PT Banten Global Development (PT BGD), yang merupakan Badan Usaha Milik Daerah (BUMD) setempat yang diutus menggelar proyek pembentukan Bank Banten. Dalam perusahaan ini Ricky Tampinongkol adalah Direktur Utamanya.
Ia mengatakan, "Itu ada Peraturan Daerah tahun 2012, itu sudah masuk dalam Rencana Pembangunan Jangka Menengah Daerah kemudian tahun 2013 ada Peraturan Daerah lagi penyertaan modal untuk pembentukan Bank Banten melalui BGD."
Target pembangunan bank daerah harus rampung pada tahun 2016. Perda Nomor 5 Tahun 2013 mengamanatkan bank daerah masuk dalam rencana pembangunan jangka menengah di provinsi setempat.
PT BGD rencananya akan mengakuisisi Bank Pundi agar dijadikan Bank Banten. Untuk proses akuisisi, dibutuhkan bantuan penyertaan modal dari Anggaran Pendapatan dan Belanja Daerah (APBD).
Pengusul APBD ke DPRD Banten adalah Rano Karno. Pengesahan APBD dibahas di DPRD setempat. Tetapi parlemen tak menyetujui langsung saat ekspose dari PT BGD.
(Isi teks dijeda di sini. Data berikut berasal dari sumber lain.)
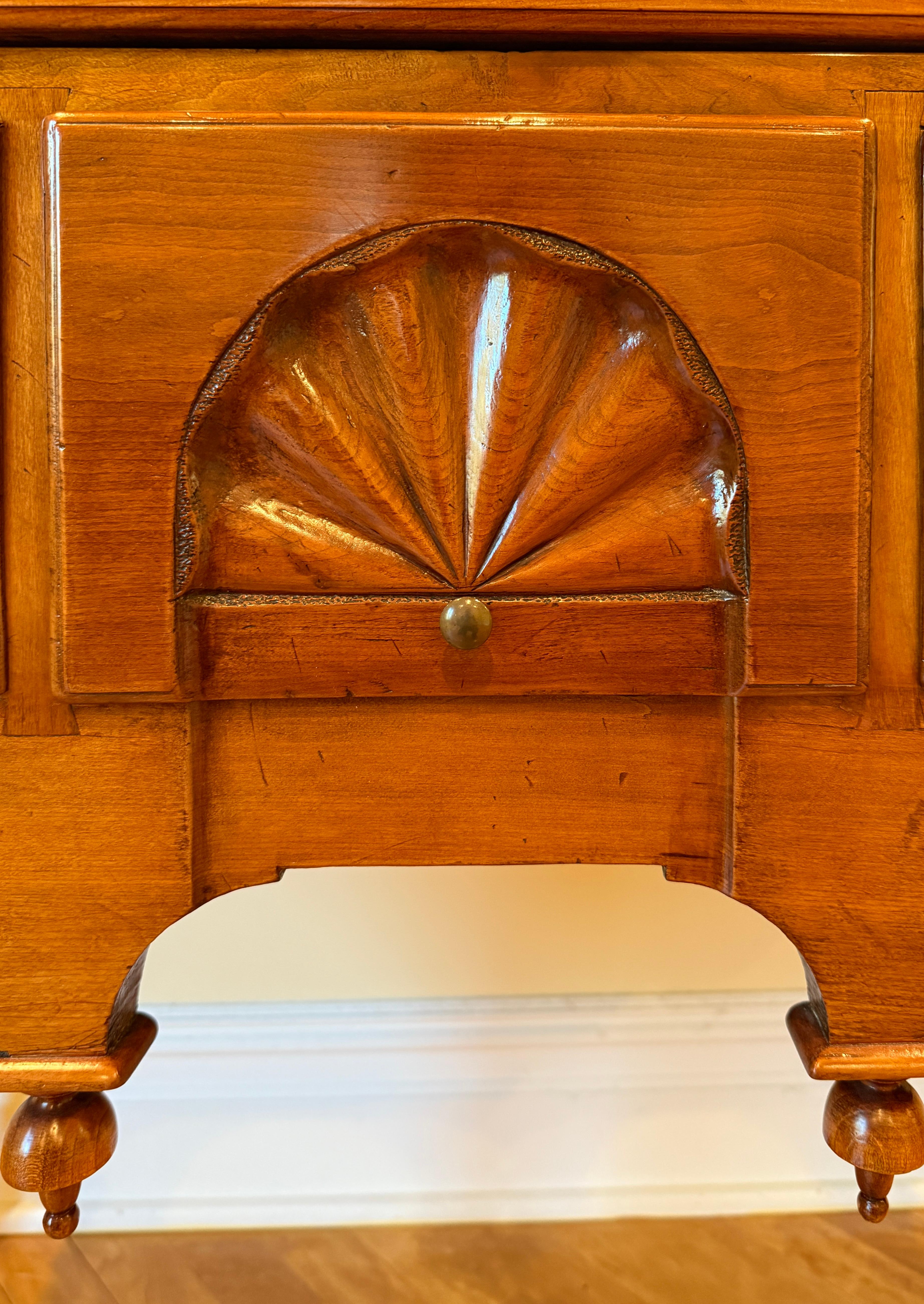 Hand-Carved 18th Century New England Queen Anne Highboy For Sale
Belum percaya pada argumentasi PT BGD untuk membeli bank yang akan diakuisisi, kata Ketua DPRD Banten Asep Rahmatullah pada CNN Indonesia.
Penyidik komisi antirasuah mencokok Ricky serta dua anggota DPRD Banten yakni Wakil Ketua DPRD Banten dari Fraksi Golkar, SM Hartono, dan Ketua Fraksi PDIP di DPRD setempat, Tri Satriya Santosa. Mereka dicokok KPK pada 1 Desember 2015, karena dalam proses memuluskan pembahasan, KPK mengendus dugaan transaksi suap.
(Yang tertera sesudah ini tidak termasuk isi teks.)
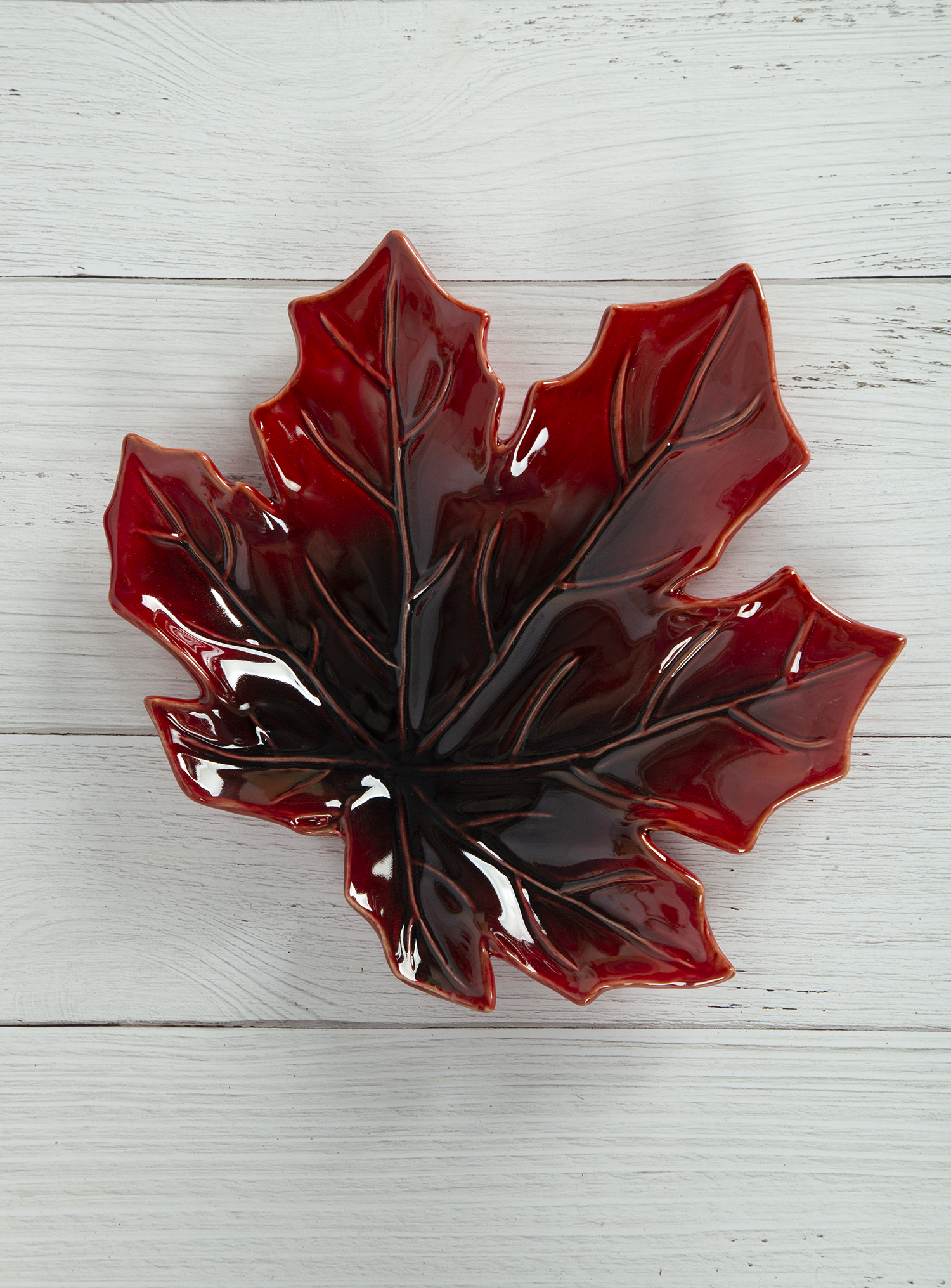 CHANGSHA HAPPY GO Stoneware Leaf Design Platters | happygodinnerware.com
Rencananya, PT BGD bakal membeli saham Bank Pundi sedikitnya 50 persen. Rano Karno disebut akan memiliki saham tersebut. Pembangunan bank daerah merupakan proyek besar buat perusahaan pelat merah pimpinan Ricky dengan nilai proyek sebanyak Rp900 miliar.
Ricky disangka melanggar Pasal 5 huruf a atau b Undang-Undang Pemberantasan Tindak Pidana Korupsi juncto Pasal 55 ayat 1 KUHP sementara Hartono dan Tri dijerat pasal 12 huruf a atau b atau pasal 11 undang-undang yang sama, demikian CNN Indonesia.